Nach ihrer Promotion begann meine Kollegin, sich auf dem Turm-Markt umzusehen und fand schnell eine aussichtsreiche Stelle als Juniorprofessorin. Falls Sie, lieber Leser, mit den Begrifflichkeiten im Elfenbeinturm nicht vertraut sind: Juniorprofessuren liegen, was ihre Möglichkeiten anbelangt, nahe an den bekannten Assistenzen, klingen aber deutlich besser und versprechen deutlich mehr. Konkret sind Juniorprofessorinnen in erheblichem Umfang in die universitäre Lehre eingebunden, in zahlreichen Gremien verpflichtet (Sie wissen schon, das ist die Sache mit dem energieautarken Kaffeautomaten) und strampeln sich im Hamsterrad der Projektanträge und Publikationslisten ab. Bonus daran ist, dass sie nach erfolgreicher Evaluation ihrer Leistungen keine Habilitationsschrift vorlegen müssen, um den Titel „Professor“ tragen zu dürfen. Klingt doch gar nicht schlecht, meinen Sie? Nun ja. Ich würde eher sagen, das Modell Juniorprofessur ist die dicke Käsekrainer am Haken, der man als Turmsklave nachspringen kann, im Gegensatz zu den kleineren Nürnberger Rostbratwürsteln der Assistentenstellen.

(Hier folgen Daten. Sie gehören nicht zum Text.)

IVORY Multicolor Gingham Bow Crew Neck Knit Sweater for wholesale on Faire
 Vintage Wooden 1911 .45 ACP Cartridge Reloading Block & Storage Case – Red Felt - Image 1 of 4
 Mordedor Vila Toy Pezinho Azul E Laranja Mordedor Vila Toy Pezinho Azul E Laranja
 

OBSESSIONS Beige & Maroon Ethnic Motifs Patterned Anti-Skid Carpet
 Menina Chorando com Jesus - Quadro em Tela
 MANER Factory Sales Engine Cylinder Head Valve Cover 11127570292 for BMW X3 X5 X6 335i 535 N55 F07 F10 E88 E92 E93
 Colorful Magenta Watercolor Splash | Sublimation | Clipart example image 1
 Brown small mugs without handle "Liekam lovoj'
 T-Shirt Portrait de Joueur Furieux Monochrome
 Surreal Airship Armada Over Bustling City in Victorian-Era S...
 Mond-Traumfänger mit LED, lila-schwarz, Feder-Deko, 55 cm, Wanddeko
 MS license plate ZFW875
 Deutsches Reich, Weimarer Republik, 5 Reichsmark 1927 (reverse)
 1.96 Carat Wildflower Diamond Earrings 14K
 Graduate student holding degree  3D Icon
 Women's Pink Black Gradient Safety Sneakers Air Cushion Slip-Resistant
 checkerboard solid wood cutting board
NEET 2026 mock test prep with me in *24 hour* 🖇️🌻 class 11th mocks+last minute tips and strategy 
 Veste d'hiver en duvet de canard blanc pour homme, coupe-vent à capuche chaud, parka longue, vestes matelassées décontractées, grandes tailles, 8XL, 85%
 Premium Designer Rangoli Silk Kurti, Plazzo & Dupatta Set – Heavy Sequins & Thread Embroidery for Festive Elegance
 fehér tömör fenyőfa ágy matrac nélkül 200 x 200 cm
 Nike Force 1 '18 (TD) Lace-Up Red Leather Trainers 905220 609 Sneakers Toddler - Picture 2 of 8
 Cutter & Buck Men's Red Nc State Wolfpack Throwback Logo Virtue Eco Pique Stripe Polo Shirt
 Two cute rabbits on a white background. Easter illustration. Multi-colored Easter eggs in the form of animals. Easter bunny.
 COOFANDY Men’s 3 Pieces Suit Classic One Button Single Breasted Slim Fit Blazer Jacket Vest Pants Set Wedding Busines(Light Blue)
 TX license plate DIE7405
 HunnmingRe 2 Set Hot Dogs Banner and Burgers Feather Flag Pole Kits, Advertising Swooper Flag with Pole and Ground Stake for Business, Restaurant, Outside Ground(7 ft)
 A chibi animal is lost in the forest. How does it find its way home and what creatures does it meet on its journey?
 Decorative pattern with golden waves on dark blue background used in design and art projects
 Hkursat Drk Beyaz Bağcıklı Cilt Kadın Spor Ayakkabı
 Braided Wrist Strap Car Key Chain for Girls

Diesen Eindruck bekam ich jedenfalls, als mir meine Mit-Sklavin von ihren Erfahrungen erzählte. Als Damoklesschwert schwebt über ihr die Zwischenevaluation, die über den weiteren Fortgang ihrer Karriere entscheidet. Gut, das weiß man vorher, wenn man sich auf eine solche Stelle bewirbt. Jede Karriereplanung ist immer mit Risiken verbunden. Was mich jedoch so bestürzte war zu sehen, wie unglücklich meine Kollegin in dieser eigentlich tollen Position war:
Nicht wirklich ernst genommen von den Kollegen, die alle „richtige“ Professuren innehaben und die sich allein aus der Tatsache, eine Habilitation vorweisen zu können, einer anderen Turmklasse zugehörig fühlen. Im permanenten Druck, nicht genug Output zu produzieren. In Sorge, was passiert, wenn die Evaluation ungünstig ausfällt und die Juniorprofessur nur eine weitere Verlängerung der Sklavenzeit bedeutet ohne abschließende Zulassung in die Beletage des Elfenbeinturms. Und wissend, dass beim späteren Kampf um die wenigen Professorenstellen diejenigen Mitbewerber die besseren Chancen haben, die eben doch ganz klassisch eine Habilitationsschrift vorlegen können.
Ich trank schweigend meinen Kaffe aus. Beim Abschied nahm ich meine Kollegin fest in den Arm und wünschte ihr alles Gute. Und das meine ich auch so.